Thermalright Venomous X & 8800GTX
I’m sure that I’m not first or only person to ever use a CPU heatsink on a GPU. I came up with this idea because I needed a better heatsink than the stock cooling for benching purposes. I had recently put together a water cooling loop for my CPU, so I had a Venomous X just laying around collecting dust. So, I figured it would be a good candidate for my 8800GTX, if I could get it mounted.
Mounting wasn’t as hard as I thought it would have been, especially when something as simple as zip ties are used. I had to use the short, thin zip ties since the mounting holes are pretty small. I also had to use a zip tie in each hole to be able to wrap around the PCB and heatsink. I just attached the ends on the back of the PCB just enough so they would lock, then really tightened down on the ones wrapping around the heatsink. Finally, just clip the extra ends off and you’re done with the mounting.
So, here is the Venomous X installed on the 8800GTX. I used left over RAM sinks from my MK-13 to help cool the VRMs and RAM chips.
There are two issues when using a CPU tower cooler on a GPU. The most important is putting stress on the PCIe connector of the GPU; you wouldn’t want to break the PCB with excessive stress. The other issue is the possible loss of other PCIe slots; so depending on where you connect the GPU, you may or may not lose slots. To deal with stress on the PCIe connector, you may need to use some sort of support for the GPU. In my case, the Venomous X was wide enough that it could rest on the PCI slot without causing any problems. If I needed other slots and I put the GPU in one of the lower slots on the motherboard, then I would need to add extra support on my floor, underneath the heatsink.

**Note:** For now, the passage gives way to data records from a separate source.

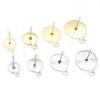 100 pcs Stainless Steel Flat Tray Earring Posts with Loop for DIY Jewelry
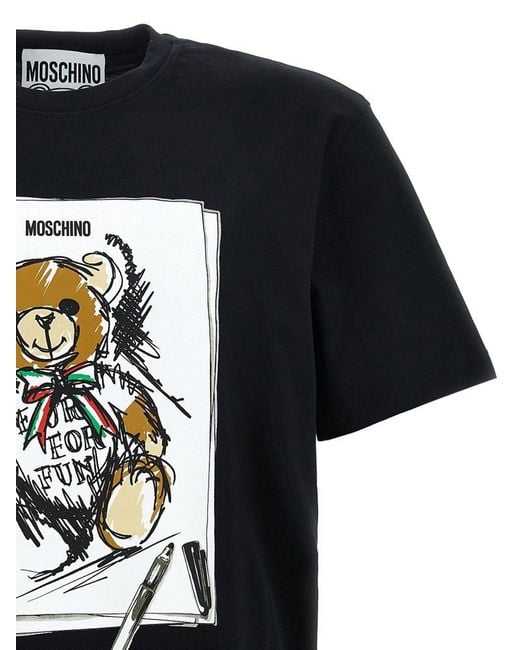 Moschino Black Teddy Bear Logo Crew Neck Tee for men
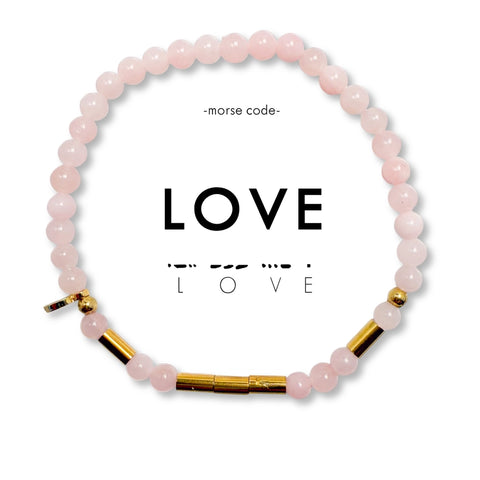 Morse Code Gold & Stone Bracelet - Love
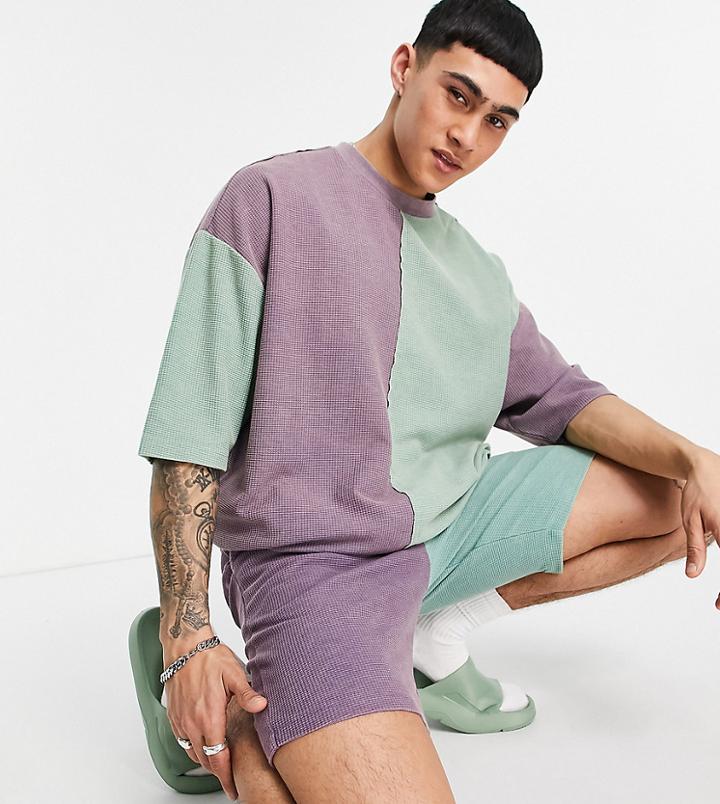 Asos Design Set Slim Waffle Shorts In Color Block-multi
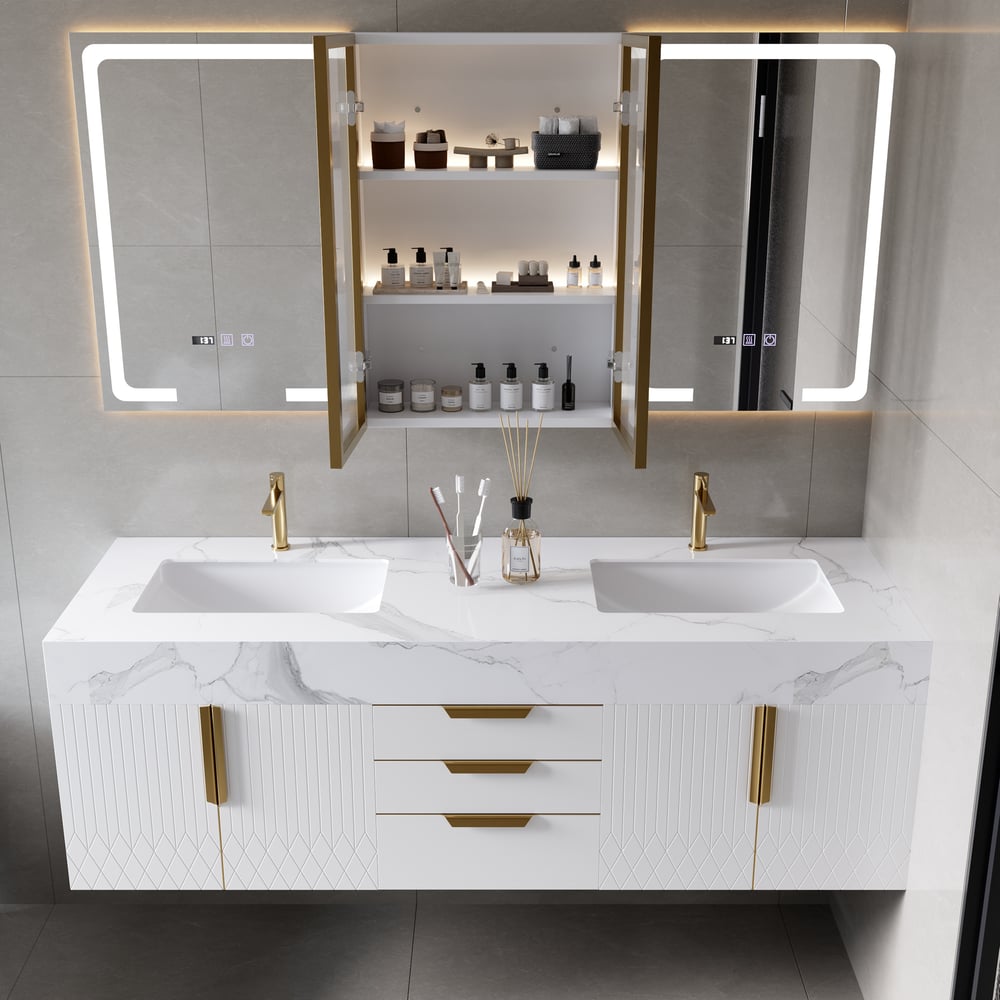 59" Double Sink Floating Vanity Set with LED Medicine Cabinet with Storage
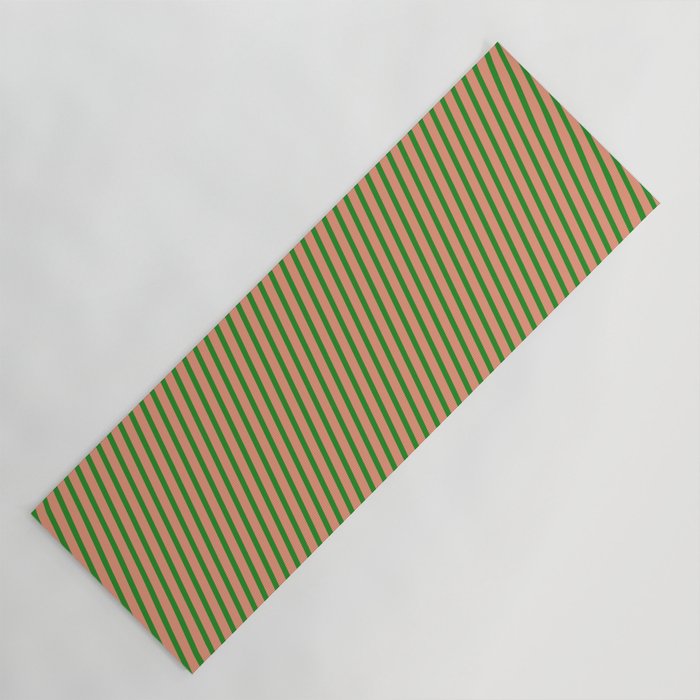 Forest Green and Dark Salmon Colored Striped Pattern Yoga Mat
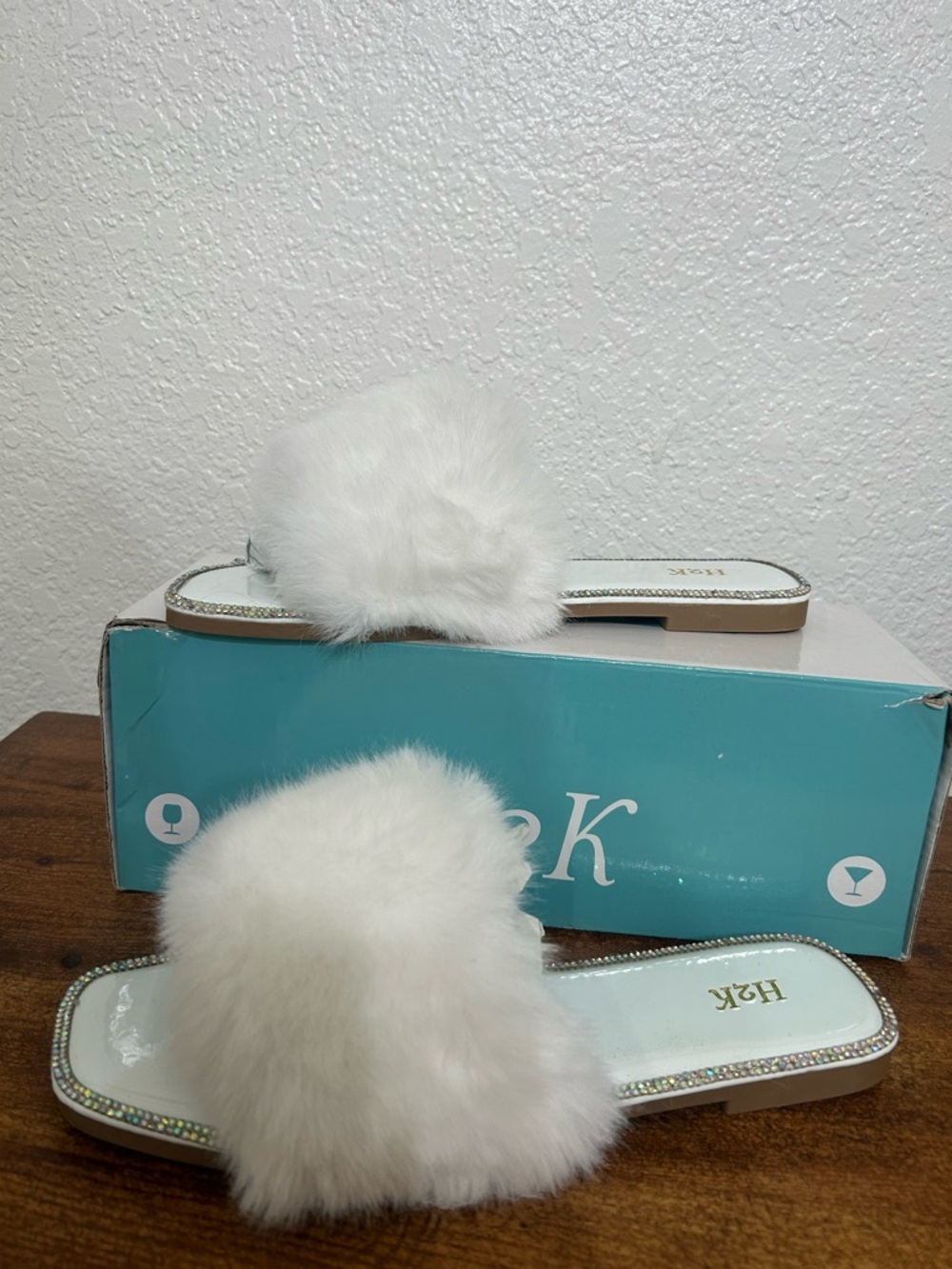 Bride White Faux Fur Slide Sandals with Rhinestone Trim
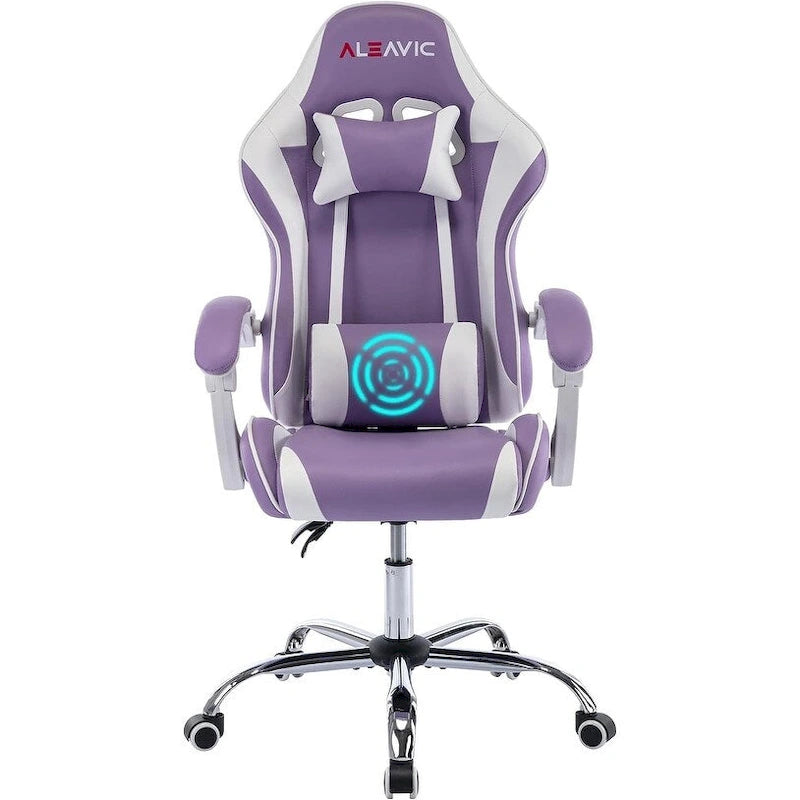Silla de juegos de cuero PU estilo de carreras – Altura ajustable, un solo asiento (naranja / gris / rosa / azul / negro / transparente / morado)
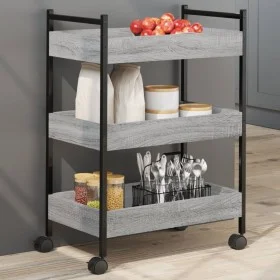 Küchenwagen aus Sonoma-50x30x70 cm grauem Ingenieurholz von , Küchen- und Speisewagen - Ref: Foro24-842359, Preis: 51,79 €, R...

The 8800GTX was the Fermi of its day when it came to heat production. With the stock cooling, my idle temp was right around 50 °C with the load temp in the 70s °C. The Venomous X has no problems taming this beast; bringing the idle temp down to 38 °C and load temp down to 49 °C. Yes, the load temp is now lower than the previous idle temp!
This CPU tower cooler GPU solution, which I first posted in this thread, inspired a Romanian bencher, poparamiro, to try this out on the new GTX 580. With a Thermalright Ultra Extreme 120 Black Edition strapped to the newly released GPU, he was able to achieve an overclock of 1020/1200 for a 3DMark Vantage run which resulted in 30893 marks.
Final thoughts? Hmm… I guess what I want you, the readers, to get out of this article is to keep an open mind and stay creative when it comes to overclocking. Whenever you seem to be at a road block, don’t just give up; use your imagination, experiment, and be persistent to see where it leads you. You may be surprised. The pioneers of overclocking didn’t give up, so why should you? Just keep pushing and implementing every idea you get along the way; no matter how “revolutionary” your idea may or may not be, that’s not the point. The point is that if it helps you get even 1 MHz more out of your hardware or even no gain at all, as long as you tried, then you’re making the “grandfathers” of this hobby proud and you’re setting an example for the next generation of overclockers. Happy clocking!